Activity |
Give the data below again exactly, and drop each picture from it.

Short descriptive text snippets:
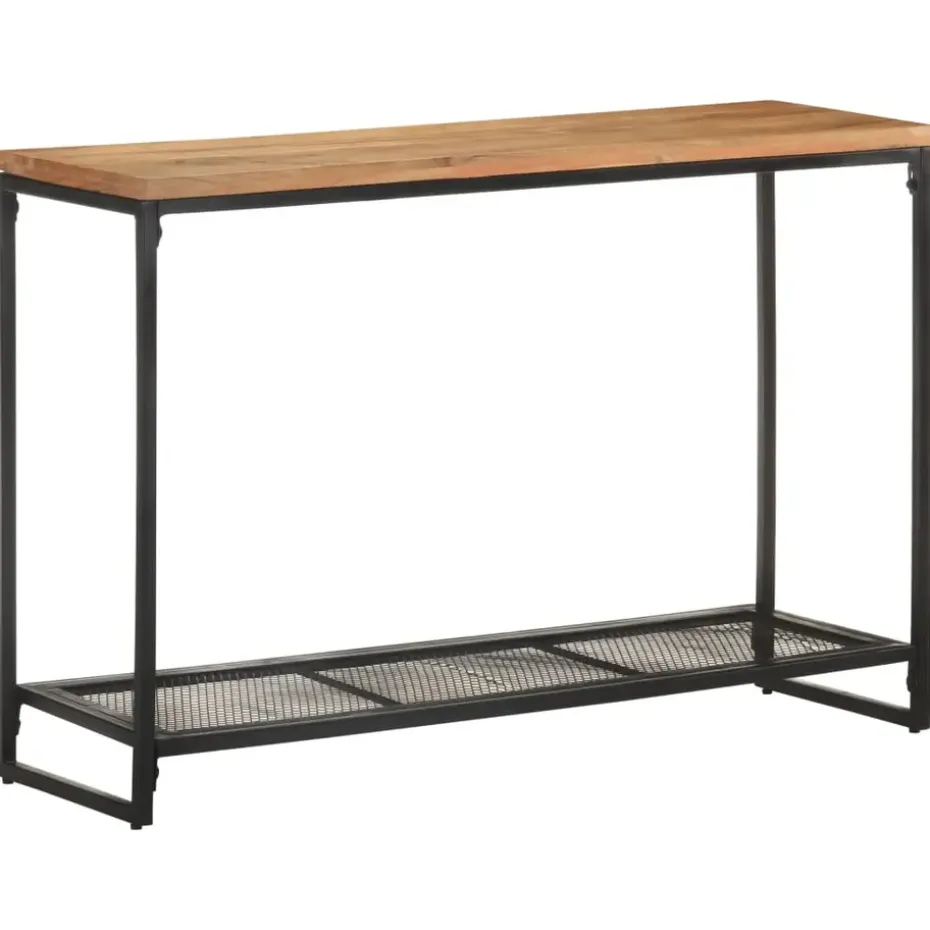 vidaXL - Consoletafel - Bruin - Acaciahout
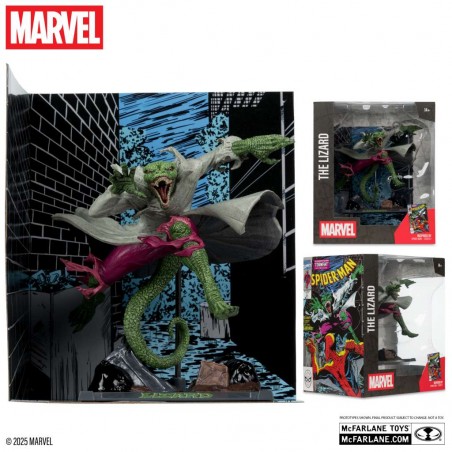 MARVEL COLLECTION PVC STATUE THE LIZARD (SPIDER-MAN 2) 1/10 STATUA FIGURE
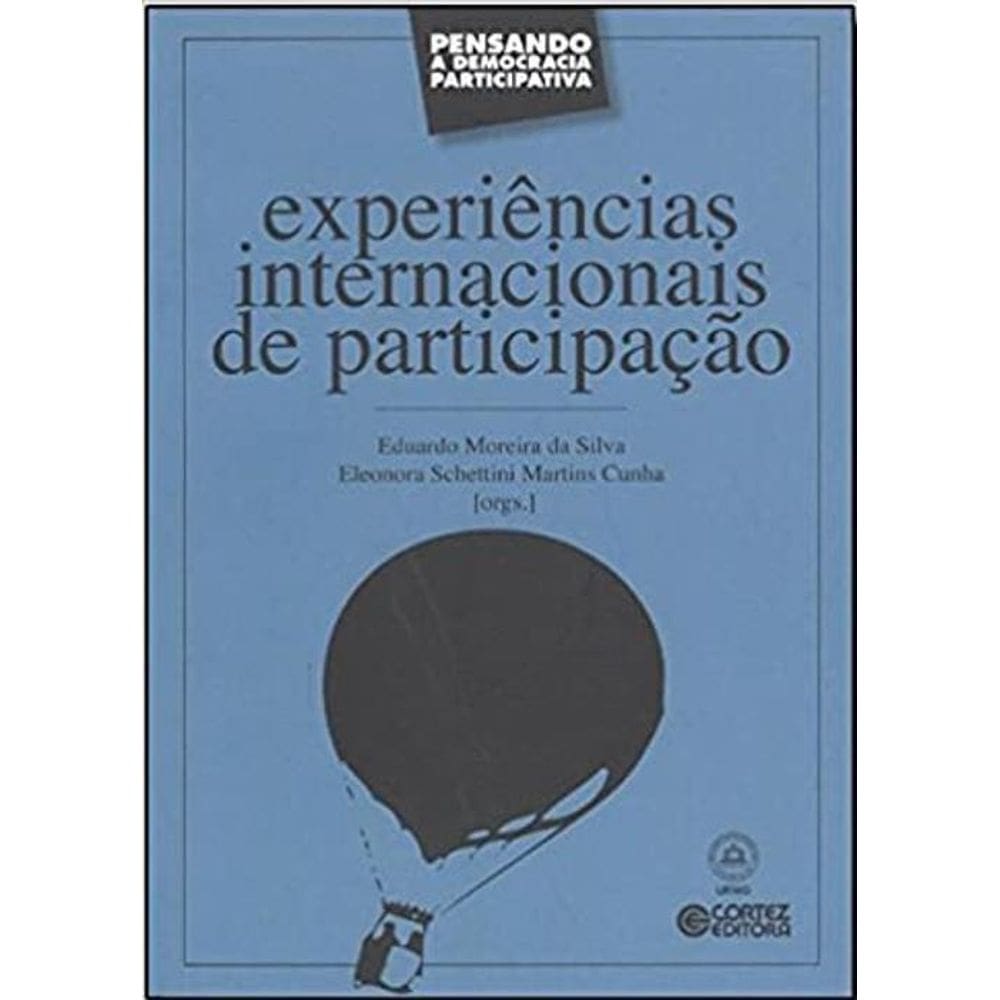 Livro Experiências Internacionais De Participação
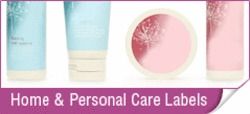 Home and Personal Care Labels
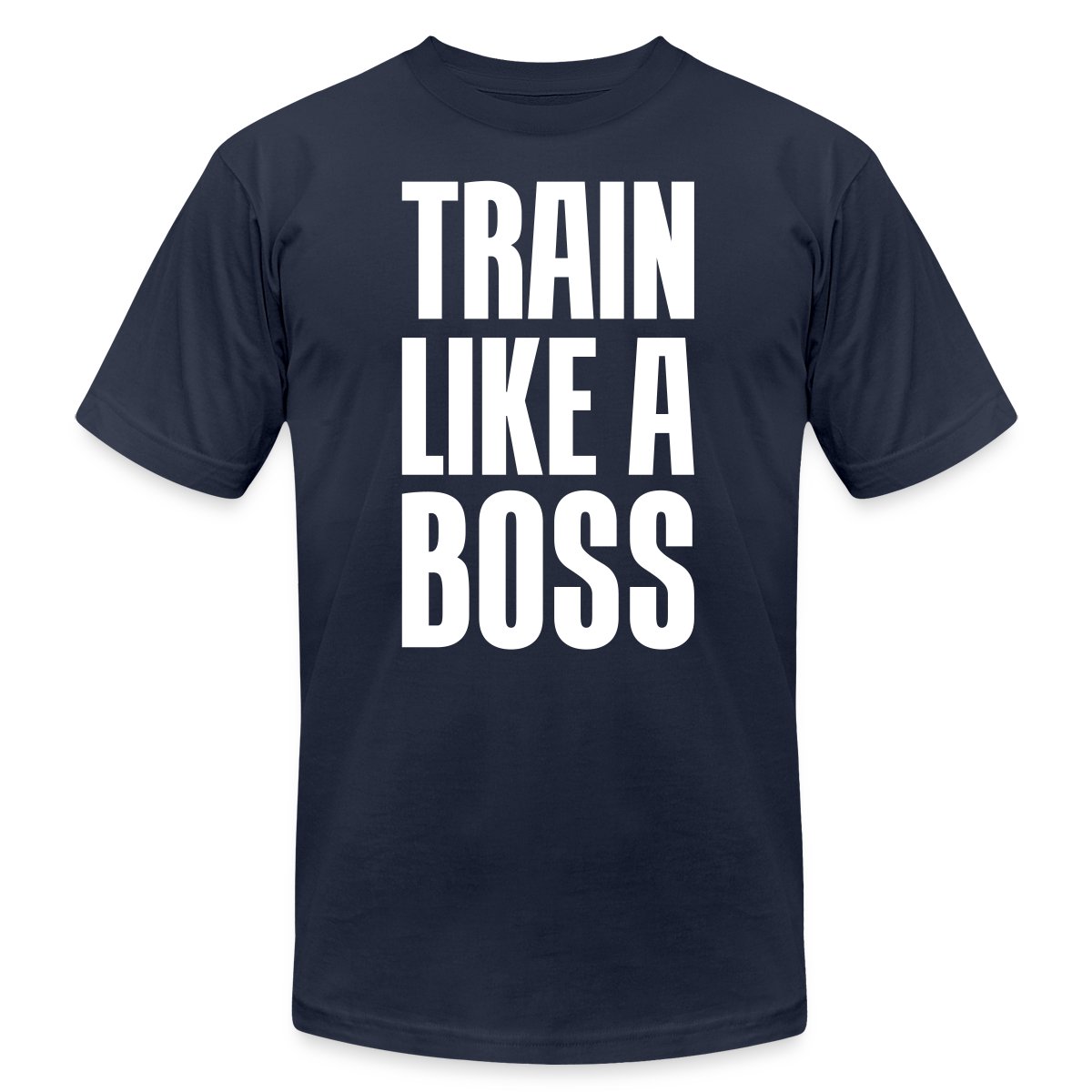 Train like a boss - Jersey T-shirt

Response for this exercise |
 vidaXL - Consoletafel - Bruin - Acaciahout
 MARVEL COLLECTION PVC STATUE THE LIZARD (SPIDER-MAN 2) 1/10 STATUA FIGURE
 Livro Experiências Internacionais De Participação
 Home and Personal Care Labels
 Train like a boss - Jersey T-shirt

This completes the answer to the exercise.